Earlier today, a historic train movement took place as the first – and probably last – ever passenger train ran through a tunnel that runs under part of Northfleet, next to Gravesend to take guest to the inauguration of a site that will be used to dispose of the clay dug up from under London by Crossrail.
It also happened to be — very briefly — the site of a Dr Who filming location. More about that below.
The new venue is the site of the former Lafarge/Blue Circle cement works, which were founded in 1846 and at their height were reputed to be the largest cement factory in Europe. The site finally closed in 2008 and will be redeveloped as a mixed-use aggregates harbour, houses etc.
There is a largish chalk outcrop between the cement factory and the mainline railway, but it wasn’t until 1928 that an – as it happened – little used rail link was installed. In 1968-70, a loop rail line was installed going onto the site through one tunnel around the site and back through another tunnel (map).
Sadly, rail use ceased in 1993, and the site closed in 2008.
It was the redevelopment plans that resulted in the restoration of a railway to service the planned harbour for aggregates, but this low priority project jumped up the radar when Crossrail got involved.
The tunnel boring machines that recently started drilling under London at Paddington will dig out the equivalent of 50,000 lorries worth of London clay. One plan to reuse the Post Office Railway to take the soil away was swiftly dropped in favour of carting it away by railway around the South of London and over to Gravesend. Here the spoil will be loaded onto barges and taken to Wallasea Island, where it is being used by the RSPB to create a wildlife reserve.
Back to today…
To mark the completion of the works to restore the railway line through the tunnel, the involved companies involved chartered a train to take guests on a trip to the site. The newish locomotive hauling us from Victoria was also to be given a name — which coincidentally turned out to be Crossrail — when it arrived.
Despite being a private train, enough information about the unusual train movement had leaked out that there was usually at least one photographer at each station we passed through, and in some places, evidently professional video crews were observed.
Passing to the north of Ebsfleet International station, and shunting sideways onto new track that ran under the mainline and into the entry cuttings, and as the train curved around it was possible to see the portal to the tunnel.

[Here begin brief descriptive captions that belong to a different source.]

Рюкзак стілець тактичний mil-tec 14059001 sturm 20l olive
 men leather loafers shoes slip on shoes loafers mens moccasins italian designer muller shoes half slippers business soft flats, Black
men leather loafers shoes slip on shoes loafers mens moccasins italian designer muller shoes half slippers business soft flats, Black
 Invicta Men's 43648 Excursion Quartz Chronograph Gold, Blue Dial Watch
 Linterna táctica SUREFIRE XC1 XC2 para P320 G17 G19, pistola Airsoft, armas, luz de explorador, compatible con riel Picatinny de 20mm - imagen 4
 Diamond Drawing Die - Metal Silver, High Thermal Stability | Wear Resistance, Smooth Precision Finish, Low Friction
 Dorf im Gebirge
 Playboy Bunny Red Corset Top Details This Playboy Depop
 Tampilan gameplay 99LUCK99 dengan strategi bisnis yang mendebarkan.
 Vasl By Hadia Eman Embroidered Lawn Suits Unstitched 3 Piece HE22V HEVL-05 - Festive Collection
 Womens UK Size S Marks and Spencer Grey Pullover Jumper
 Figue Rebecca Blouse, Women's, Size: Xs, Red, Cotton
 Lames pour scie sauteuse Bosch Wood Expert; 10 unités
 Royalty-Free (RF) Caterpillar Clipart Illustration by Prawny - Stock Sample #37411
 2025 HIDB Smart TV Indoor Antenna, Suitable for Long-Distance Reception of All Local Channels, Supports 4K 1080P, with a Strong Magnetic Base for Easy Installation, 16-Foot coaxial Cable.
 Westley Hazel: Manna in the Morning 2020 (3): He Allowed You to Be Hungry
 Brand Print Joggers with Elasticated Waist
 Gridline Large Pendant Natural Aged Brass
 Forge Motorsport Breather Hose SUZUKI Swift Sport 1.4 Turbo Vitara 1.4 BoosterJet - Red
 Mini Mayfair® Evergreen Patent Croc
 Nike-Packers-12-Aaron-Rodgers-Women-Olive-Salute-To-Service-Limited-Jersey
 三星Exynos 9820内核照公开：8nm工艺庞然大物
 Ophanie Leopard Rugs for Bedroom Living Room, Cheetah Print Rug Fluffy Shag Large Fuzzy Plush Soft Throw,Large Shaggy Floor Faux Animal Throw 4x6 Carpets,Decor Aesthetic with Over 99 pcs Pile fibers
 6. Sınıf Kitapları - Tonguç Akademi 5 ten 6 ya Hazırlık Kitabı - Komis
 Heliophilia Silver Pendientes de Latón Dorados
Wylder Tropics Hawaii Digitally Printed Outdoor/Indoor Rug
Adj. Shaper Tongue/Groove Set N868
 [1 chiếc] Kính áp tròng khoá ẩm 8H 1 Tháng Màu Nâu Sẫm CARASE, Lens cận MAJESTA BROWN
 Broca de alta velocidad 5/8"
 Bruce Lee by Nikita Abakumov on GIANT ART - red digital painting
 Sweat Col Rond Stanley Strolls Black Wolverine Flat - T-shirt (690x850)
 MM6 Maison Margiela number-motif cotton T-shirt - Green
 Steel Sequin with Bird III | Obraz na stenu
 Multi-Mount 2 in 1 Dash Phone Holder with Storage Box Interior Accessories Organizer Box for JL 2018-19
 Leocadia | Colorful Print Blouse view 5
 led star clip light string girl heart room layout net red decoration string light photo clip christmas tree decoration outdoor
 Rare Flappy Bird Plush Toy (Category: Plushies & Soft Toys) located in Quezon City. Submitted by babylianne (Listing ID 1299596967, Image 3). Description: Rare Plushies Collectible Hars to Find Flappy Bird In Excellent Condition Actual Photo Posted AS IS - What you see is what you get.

Although the tunnel is wide enough for two tracks, a stern warning not to lean out of the train on the other side as the clearance on the tunnel wall was very tight looked to be scarily accurate.
Out of the tunnel and into the currently derelict site and time for the train naming event. The train stopped short of their eventual destination where they will drop off their London clay for transport to the nature reserve.
It’s rare to be able to take a passenger train over freight rail lines, so today stood out as such a rare train movement, and in a few months time, that empty railway line will be full of locomotives dropping off Crossrail spoil.
And probably no passenger trains, ever again – so we had a special commemorative train ticket handed out.
At the peak of tunnelling up to five freight trains per day will operate, carrying a total of 7,000 tonnes of earth. However, the Crossrail intervention is only a beginning for the site, and GB Railfreight will be permanently using it for hauling gravel and aggregates around the UK in the near future.
A few more photos here.
Crossrail and the Ambassadors of Death
Back to the Dr Who show, The Ambassadors of Death, as the approach to the other tunnel had been used as the entrance to an underground Space Centre that was visited by the Doctor and his assistant Liz Shaw, played by the recently departed Caroline John.
As an outdoor filming location, it only has a fleeting moment in the six-part serial, yet they took two days (3rd-4th Feb 1970) to film the shot of the Doctor driving his car into the underground base. But I couldn’t resist mentioning it.
Well, it is a valid part of the history of the site!